You get out what you put into it
TFK just repeats itself over and over again.
It’s all been done before.
It’s the beauty of tfk
In spades fella. Thanks.
In fairness, I’d never heard the vending machine one before.
Wouldn’t trust a private pension scheme with brexit around the corner. Hold off a bit until the ‘Experts’ get an idea that the fuck is happening. And not playing Russian roulette with peoples money.
Don’t be so daft. The tax relief means you’d have to lose 40% in value before you’re actually losing. It’s a bit more complicated than that but anyway.
Brexit or no Brexit the world will keep going. Business will get done. People will get exploited. The rich WILL get richer.
People probably think the recession of 07/08 decimated pension funds forever too.
Dunno about all this tax relief. This is Ireland bud they tax your savings 40%
Pension experts such as @gilgamboa and @Appendage would ye recommend to be in Passively managed pension funds or Actively managed funds? I’m guessing passive cos the “experts” can then react to what they see coming straight away and diversify or reduce risk whereas with Actively managed you’ve to be on top of that yourself? I think your man said there’s 0.25% or maybe 1.25% fees wit Passively managed funds however.
A passively managed fund just tracks an index, or combination of them e.g. it just tracks the FTSE or something. The actively managed funds should be a lot more expensive as they are engaged in investment decisions on your behalf
I checked my funds there. Split between passive and active funds. The fees you quoted seem high to me, is this a personal pension you are talking about or a company scheme
Passively managed funds don’t react to anything. Actively managed funds don’t require you to do anything, it’s an investment manager looking after them on your behalf.
Now as to whether you are better off with a passively managed fund or an actively managed one, it depends on whether the actively managed one is managed by a good manager
Not an expert at all bro. Just know the tax impact and benefits.

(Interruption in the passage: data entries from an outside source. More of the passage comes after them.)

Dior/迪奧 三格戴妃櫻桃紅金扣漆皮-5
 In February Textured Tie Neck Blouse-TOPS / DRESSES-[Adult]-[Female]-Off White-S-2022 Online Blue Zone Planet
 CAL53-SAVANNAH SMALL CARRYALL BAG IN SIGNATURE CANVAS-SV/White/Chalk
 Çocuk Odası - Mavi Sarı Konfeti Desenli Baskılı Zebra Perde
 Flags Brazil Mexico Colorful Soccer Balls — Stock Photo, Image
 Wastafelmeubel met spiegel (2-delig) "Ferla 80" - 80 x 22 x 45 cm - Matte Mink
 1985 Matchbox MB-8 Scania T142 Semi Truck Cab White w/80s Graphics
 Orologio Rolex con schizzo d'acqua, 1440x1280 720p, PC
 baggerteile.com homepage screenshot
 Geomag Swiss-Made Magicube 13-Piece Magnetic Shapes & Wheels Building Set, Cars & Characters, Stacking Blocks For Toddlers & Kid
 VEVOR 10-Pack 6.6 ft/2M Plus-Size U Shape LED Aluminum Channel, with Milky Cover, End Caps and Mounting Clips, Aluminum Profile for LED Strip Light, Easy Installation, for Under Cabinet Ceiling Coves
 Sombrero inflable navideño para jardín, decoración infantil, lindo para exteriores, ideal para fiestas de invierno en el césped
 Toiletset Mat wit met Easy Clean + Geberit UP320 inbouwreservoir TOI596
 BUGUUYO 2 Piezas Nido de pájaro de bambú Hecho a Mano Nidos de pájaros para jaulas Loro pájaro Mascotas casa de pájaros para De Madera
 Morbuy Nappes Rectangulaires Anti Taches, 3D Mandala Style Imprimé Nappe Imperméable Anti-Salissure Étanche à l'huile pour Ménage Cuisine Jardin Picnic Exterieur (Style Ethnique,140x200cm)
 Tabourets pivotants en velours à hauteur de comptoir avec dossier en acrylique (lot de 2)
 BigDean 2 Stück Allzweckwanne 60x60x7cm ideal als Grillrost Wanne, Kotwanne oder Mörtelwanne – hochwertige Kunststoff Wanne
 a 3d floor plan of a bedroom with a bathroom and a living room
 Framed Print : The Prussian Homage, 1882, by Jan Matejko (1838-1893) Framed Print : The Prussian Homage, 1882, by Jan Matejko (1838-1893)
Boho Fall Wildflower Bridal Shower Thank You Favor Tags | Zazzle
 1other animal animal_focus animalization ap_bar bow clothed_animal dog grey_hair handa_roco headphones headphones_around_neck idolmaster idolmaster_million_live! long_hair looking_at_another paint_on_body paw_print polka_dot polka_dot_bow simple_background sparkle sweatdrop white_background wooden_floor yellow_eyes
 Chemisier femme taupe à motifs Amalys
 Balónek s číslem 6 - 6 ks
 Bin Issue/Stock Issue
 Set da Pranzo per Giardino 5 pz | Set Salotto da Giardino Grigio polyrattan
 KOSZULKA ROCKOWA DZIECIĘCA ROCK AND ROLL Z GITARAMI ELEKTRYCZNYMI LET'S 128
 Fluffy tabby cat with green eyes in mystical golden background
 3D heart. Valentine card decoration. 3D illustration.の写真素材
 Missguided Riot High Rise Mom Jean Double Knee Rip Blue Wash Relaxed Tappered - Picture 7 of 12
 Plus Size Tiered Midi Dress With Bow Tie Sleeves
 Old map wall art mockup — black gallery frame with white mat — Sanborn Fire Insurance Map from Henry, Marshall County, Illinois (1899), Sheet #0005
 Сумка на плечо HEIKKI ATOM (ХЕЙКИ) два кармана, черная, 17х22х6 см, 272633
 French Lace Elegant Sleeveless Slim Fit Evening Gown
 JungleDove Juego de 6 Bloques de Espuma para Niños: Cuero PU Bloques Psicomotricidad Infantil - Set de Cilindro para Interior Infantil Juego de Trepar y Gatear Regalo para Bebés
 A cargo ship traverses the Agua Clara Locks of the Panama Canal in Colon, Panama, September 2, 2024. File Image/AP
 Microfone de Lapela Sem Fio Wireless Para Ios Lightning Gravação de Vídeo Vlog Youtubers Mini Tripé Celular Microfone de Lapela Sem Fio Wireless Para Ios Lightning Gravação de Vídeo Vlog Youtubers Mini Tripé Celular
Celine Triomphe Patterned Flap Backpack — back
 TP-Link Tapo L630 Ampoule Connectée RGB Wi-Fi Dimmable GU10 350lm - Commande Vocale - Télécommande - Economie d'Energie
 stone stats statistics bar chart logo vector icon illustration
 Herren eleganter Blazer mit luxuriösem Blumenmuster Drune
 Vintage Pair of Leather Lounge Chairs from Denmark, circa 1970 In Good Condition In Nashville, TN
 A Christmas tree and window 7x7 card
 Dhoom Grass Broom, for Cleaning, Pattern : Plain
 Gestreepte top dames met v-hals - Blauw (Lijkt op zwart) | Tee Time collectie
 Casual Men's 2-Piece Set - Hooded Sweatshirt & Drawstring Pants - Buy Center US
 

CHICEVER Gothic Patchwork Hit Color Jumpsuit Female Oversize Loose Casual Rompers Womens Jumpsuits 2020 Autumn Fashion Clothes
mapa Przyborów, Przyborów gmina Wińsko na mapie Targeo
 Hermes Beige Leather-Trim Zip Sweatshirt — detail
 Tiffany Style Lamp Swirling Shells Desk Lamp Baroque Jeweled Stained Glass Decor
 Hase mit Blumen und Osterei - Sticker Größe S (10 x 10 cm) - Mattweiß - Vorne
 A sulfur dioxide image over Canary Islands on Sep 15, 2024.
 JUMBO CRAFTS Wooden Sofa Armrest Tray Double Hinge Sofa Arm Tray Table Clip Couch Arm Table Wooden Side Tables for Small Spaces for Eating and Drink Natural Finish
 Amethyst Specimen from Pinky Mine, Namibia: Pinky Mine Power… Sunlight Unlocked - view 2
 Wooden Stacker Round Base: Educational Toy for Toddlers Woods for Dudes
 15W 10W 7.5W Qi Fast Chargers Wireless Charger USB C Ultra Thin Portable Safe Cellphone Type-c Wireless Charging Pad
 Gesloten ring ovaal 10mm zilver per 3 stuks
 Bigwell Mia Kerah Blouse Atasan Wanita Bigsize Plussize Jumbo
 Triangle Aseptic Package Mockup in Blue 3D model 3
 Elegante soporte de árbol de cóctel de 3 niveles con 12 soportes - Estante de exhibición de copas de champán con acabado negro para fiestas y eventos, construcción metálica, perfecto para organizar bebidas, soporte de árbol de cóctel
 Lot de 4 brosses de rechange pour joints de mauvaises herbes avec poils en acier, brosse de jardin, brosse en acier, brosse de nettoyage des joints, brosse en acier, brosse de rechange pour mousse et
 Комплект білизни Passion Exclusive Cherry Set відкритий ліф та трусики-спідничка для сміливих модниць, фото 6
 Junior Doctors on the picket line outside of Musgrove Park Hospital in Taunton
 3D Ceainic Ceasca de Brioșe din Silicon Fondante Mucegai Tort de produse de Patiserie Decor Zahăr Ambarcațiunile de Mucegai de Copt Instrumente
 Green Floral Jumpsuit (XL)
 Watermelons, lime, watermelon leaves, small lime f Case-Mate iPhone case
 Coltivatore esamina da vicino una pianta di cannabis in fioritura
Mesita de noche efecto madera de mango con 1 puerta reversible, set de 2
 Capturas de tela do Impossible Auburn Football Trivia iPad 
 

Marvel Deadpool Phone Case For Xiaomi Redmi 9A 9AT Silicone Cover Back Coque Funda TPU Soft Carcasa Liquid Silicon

It’s a private pension I have with New Ireland Assurance. Your man told me actually I think 0.25% fee for passive funds, whereas their range of ‘ifunds’ carry 1.25% or something in fees. I’ll clarify that with him again. He definitely told me that the passive funds are ‘managed’ in that if I am in a high risk passive fund the fund manager can reduce the risk from high risk to more medium risk if he sees volatility ahead, for example. He said active funds is totally down to me. An example would be an alternative energy fund which while performing well right now could head south at any time and unless I’m watching the trends and ready to react that I would be leaving myself exposed in that fund while it continues to perform badly.
He more or less said the passive funds have better chance of success despite there is a bit of an extra fee with them. 0.25% seems very low as does anything under 1%.
Has he explained passive funds v active funds arseways to me?
You’d be a fool not to be tooling up on higher risk funds in your 30-40’s.
What you’ve described here suggests he’s got it totally arseways. He was telling me I should put money into prime equities which is doing well but to be aware that there’s small fees with that because of it being a ‘passive fund’. But prime equities isn’t tracking just one index shall we say it’s an accumulation of various indexes and markets and I guess they can pivot away from one a lot if they think there’s trouble ahead. Purely as an example let’s say 50% of it is in UK and Ireland equities but they might reduce that to 15% in the morning and move the rest into Asian equities let’s say. Maybe that’s where the extra management comes into it? In that it’s not tracking just one index.